I don’t, and I don’t I ever will for that matter, understand the communication that takes place between roommates. I don’t just mean the roommates you pick up on Craigslist either (though those experiences will be the majority of my references), but the ones you willingly desire to share a home with, be it a friend, a boyfriend/girlfriend/partner, husband/wife, or third cousin twice removed. Yeah, roommates of ALL kinds and proportions, I don’t understand what they’re thinking.

Picture this. You’re waking up after a very rough night because it took two or so extra hours for you to fall asleep because of your roommate blasting a movie in the adjacent room and realize all you need to make the day manageable is a cup of coffee and some toast. You swing your feet over the edge of the bed, very carefully traipse across your room as to not bump into some things you’ve somehow left on the floor (and they’ve been on the floor for weeks – college life y’all), and take a deep breath to start the journey outside of your comfort zone (this is where you can actually get away from the roommate issue, though it’s minimal help considering rooms are not soundproof when you’re an ordinary human being) to the kitchen… where, get this, your stuff is mixed with your roommate’s stuff and you somehow have to trust each other not to mess any of it up. Yeah, right.

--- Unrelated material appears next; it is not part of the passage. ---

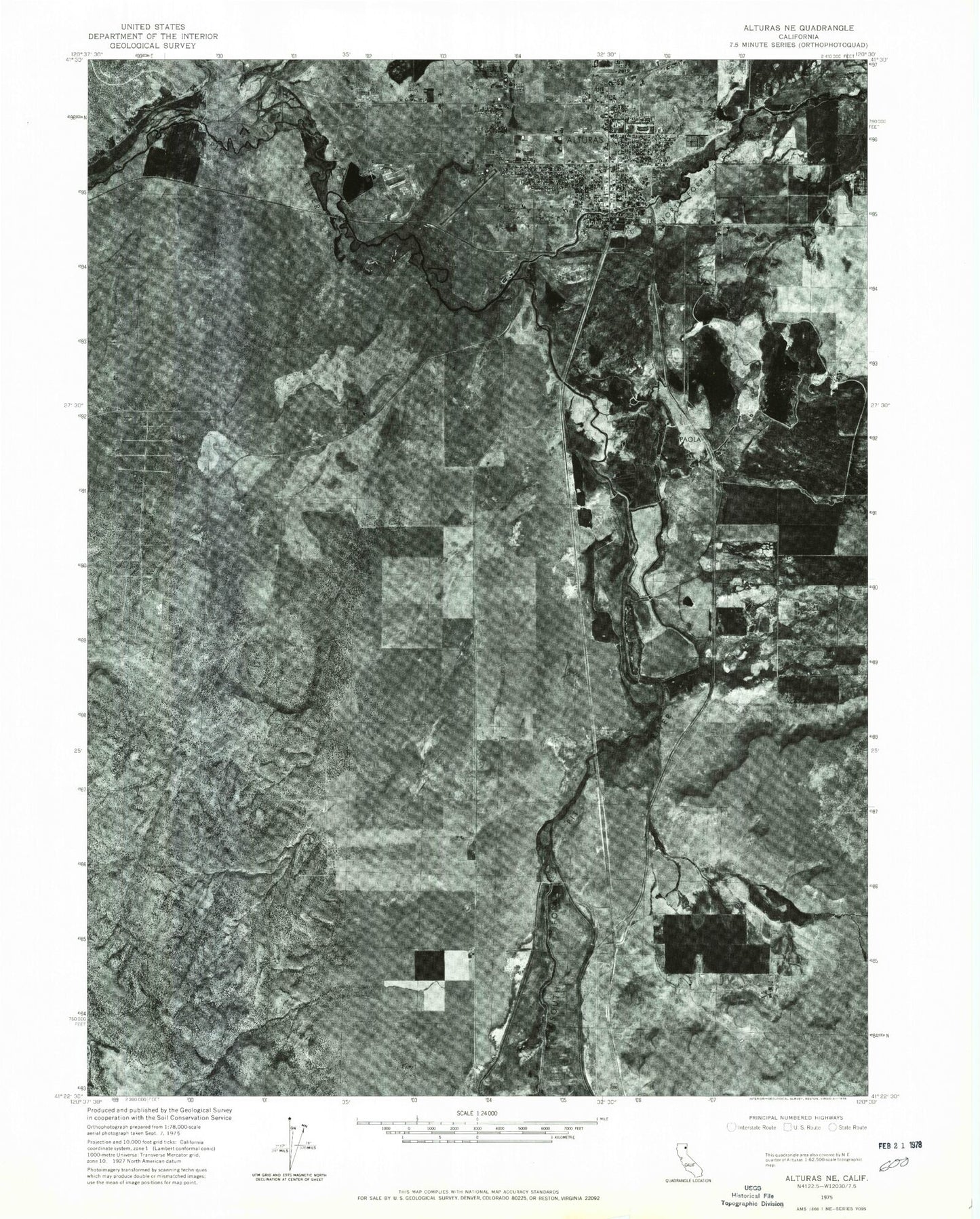 Classic USGS Alturas California 7.5'x7.5' Topo Map Image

Anyway, back to the image I was painting you: 6.5 seconds later, give or take because I don’t know your pad’s square feet (excuse me, I’m not paid enough to acquire the skill-set in being a successful stalker), you’ve trudged up to the coffee maker and find that not only is it not how you left it yesterday, but it’s been used again and soaked ground coffee is all over the place. Um, okay? Oh hey, your water bottle is gone. The paper towels you left sitting on your side of the counter? Yeah, they’re used. Your mug seems to be in use too. Oh, no, wait! You’ve spotted it. It’s in the sink. Used. So that morning isn’t going to go at all like planned, it’s not even going to be in the same neighborhood as “okay” all thanks to Mr. or Ms. Roommate.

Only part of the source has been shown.